From a reader of the blog, a contribution for the writing conversation.
From The Sage’s Tao Te Ching, with William Martin
Day 19: Perfection Will Be Built
Trying to make a perfect life
is a path of great sorrow.
The perfect life cannot be built
by seeking to fulfill desires
no matter how many years are spent,
or how much effort is applied.
Desires are insatiable and endless.
If instead we see
the imperfect events,
and the ordinary people,
as the movement of the Tao,
life becomes perfect as it is.
The time comes when we realize
that the ducks will never be in a row.
It is the nature of ducks to fly about.
The house will never be perfectly clean.
It is the nature of a house to accommodate clutter.
The project will never be done just right.
It is the nature of projects to evolve into other projects.
The future will never be perfectly secure.
It is the nature of life to be unpredictable.
Sit still and watch for a moment.
Perfection will be built
from all that is imperfect.
— Chapter 45 of The Sage’s Tao Te Ching
Comments by William Martin
Perfectionism is in reality, of course, the pursuit of imperfection. Our conditioned mind never rests in its scrutiny of our actions, thoughts, and feelings; measuring them against some ever-elusive standard which is never reached. This process assures that this constellation of mental habits always has something to keep it occupied. In the meantime, we are never truly and completely at rest. This is tragic, for the quality of the Tao within us is always at rest, always content, even in the midst of energetic action. It never compares Itself with some external standard for It is All There Is. There is nothing to which to compare It.
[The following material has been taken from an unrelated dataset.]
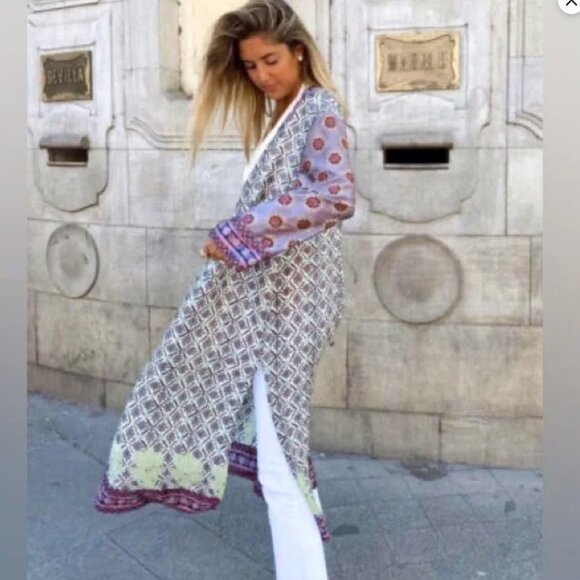 ZARA Block Print Design Purple Kimono Dress M-L - Picture 1 of 12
Are you a perfectionist? (imperfectionist) Where does your conditioned mind get the standards it uses to keep you always on this search?
What would it be like to spend the day doing nothing? You have an internal list, I would bet, of the things you should do today and the kind of person you should be today. Consider dropping it all for just a day. Do nothing that your conditioned mind suggests. Instead eat what you want when you want. Watch movies if you want. Work in the garden if you want. Go shopping for something frivolous if you want. Don’t worry. You can pick up the “to do” list tomorrow. The world won’t end if you experiment with ignoring this inner voice that you are in the habit of believing without question.